There is a bias towards simplicity in our job search. We want to find that job using the one tool that is better than all others — the silver bullet. The one that will nail our new job, the tool where one size fits all to help us in our career.
Consequently, pundits will compare Monster versus Aliens (er, Career Builder…), job boards to Twitter, Facebook to Monster and on and on and on all searching for the silver bullet of what’s best. Others analyze sites that help you find and track your job like UpMo and, my favorite, Jibber Jobber. People write about being on LinkedIn and Facebook and how it can help you in your job search. There are social networks and business networks that will tell you the best way to find a job.
There are silver bullets out there everywhere.
After a while, it all ends up as noise. There is so much information, we get overloaded and we stop doing anything because of the abundance of choices. Every tool and job search approach is a silver bullet. And every tool and job search approach is not.
How do we know the best tools for our job search?
If you wanted to research all of the tools and come up with one tool that fits all, you will fail. The truth of the matter is that diverse search tools must be used to find your new job. Just as there are no longer three television networks, but hundreds, one can’t just look at the newspaper want ads and find your new job. The world has changed.
What has not changed is our needs for what a job offers. What is more stable is our job skills and the reasons we like doing the work we have chosen to do.
So to find the right tools for our job search, the very first step is knowing what it is we want to do, why we want to do it, and the type of group we like working with to bring out our best work.

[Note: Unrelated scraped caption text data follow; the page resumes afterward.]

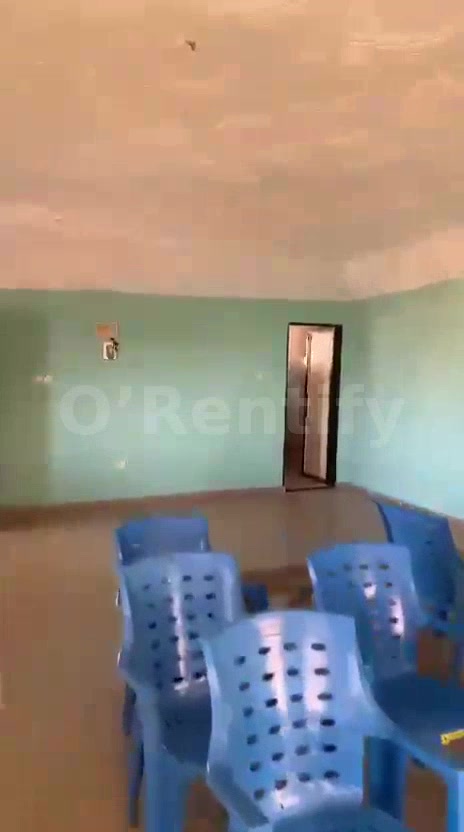 A very conducive office space around futa area Akad all facilities with separate toilet  Rent ::::::750k  FHG allowed photo 6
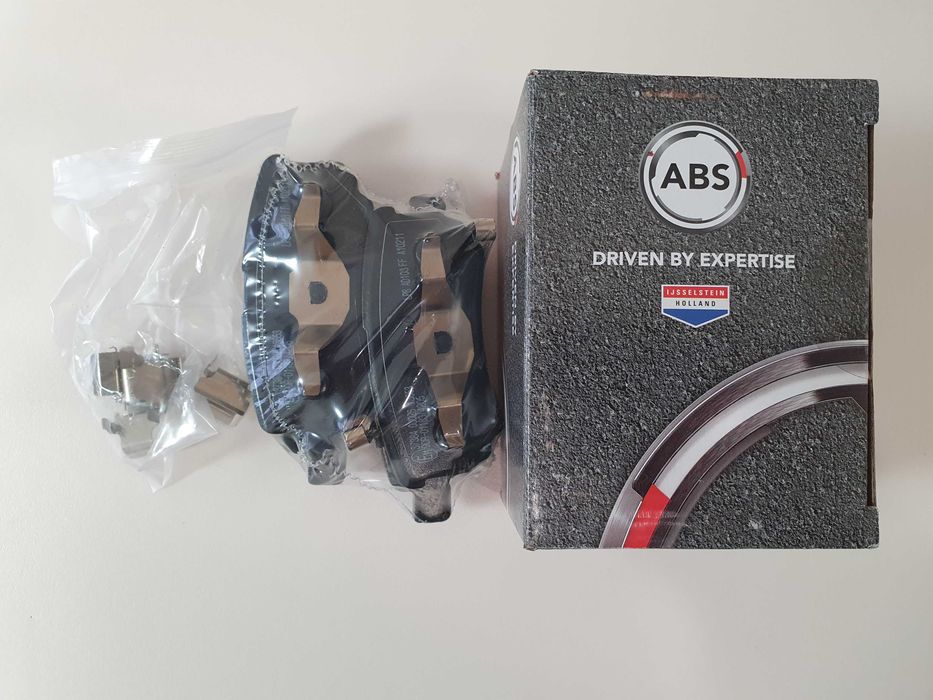 Колодки гальмівні задні  ABS 37384 Mitsubishi Lancer Outlander JEEP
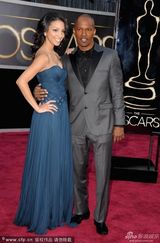 组图：杰米-福克斯带女儿亮相大打亲情牌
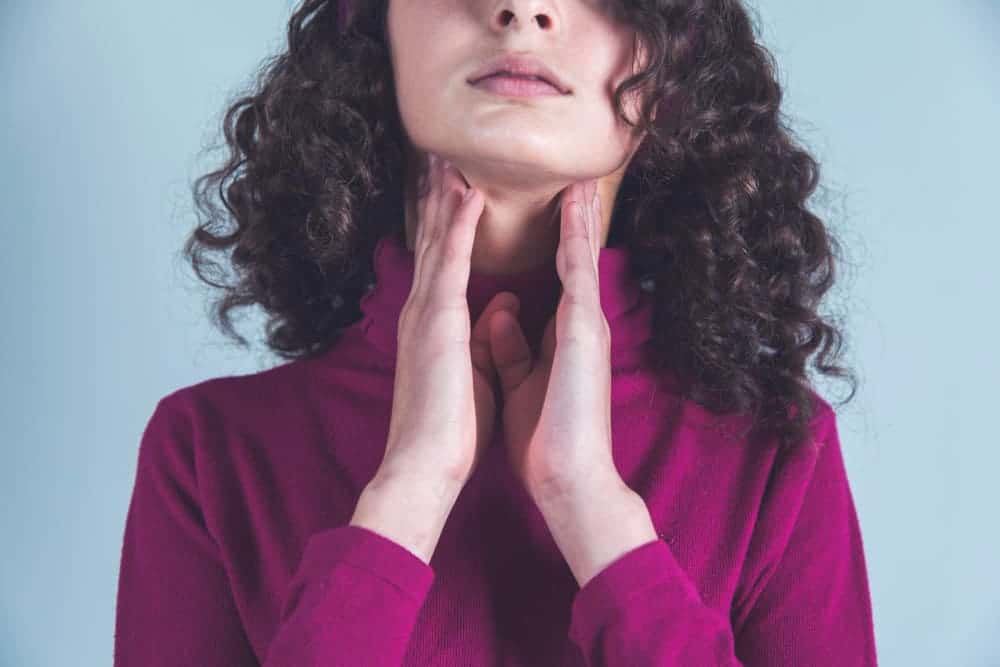 female swollen thyroid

Once we know ourselves, no easy matter, it is easier to find the right tools for the job search. The big job boards become less relevant to our job search than smaller ones that focus, say, on our green job wishes. The vast array of recruiters now narrows in focus to the ones that recruit in our work space that is best for us.
Now we can ask our business network for help in finding us our best work because we can clearly answer the “what type of work are you looking for?” question. Now we can use tools like Jibber Jobber to target the companies that best fit the corporate culture that works best for us.
So the silver bullet of job search is this: we need to know our job skills, why we like the work, and the best corporate culture fit. Only then can we find job search tools that support the way we work best.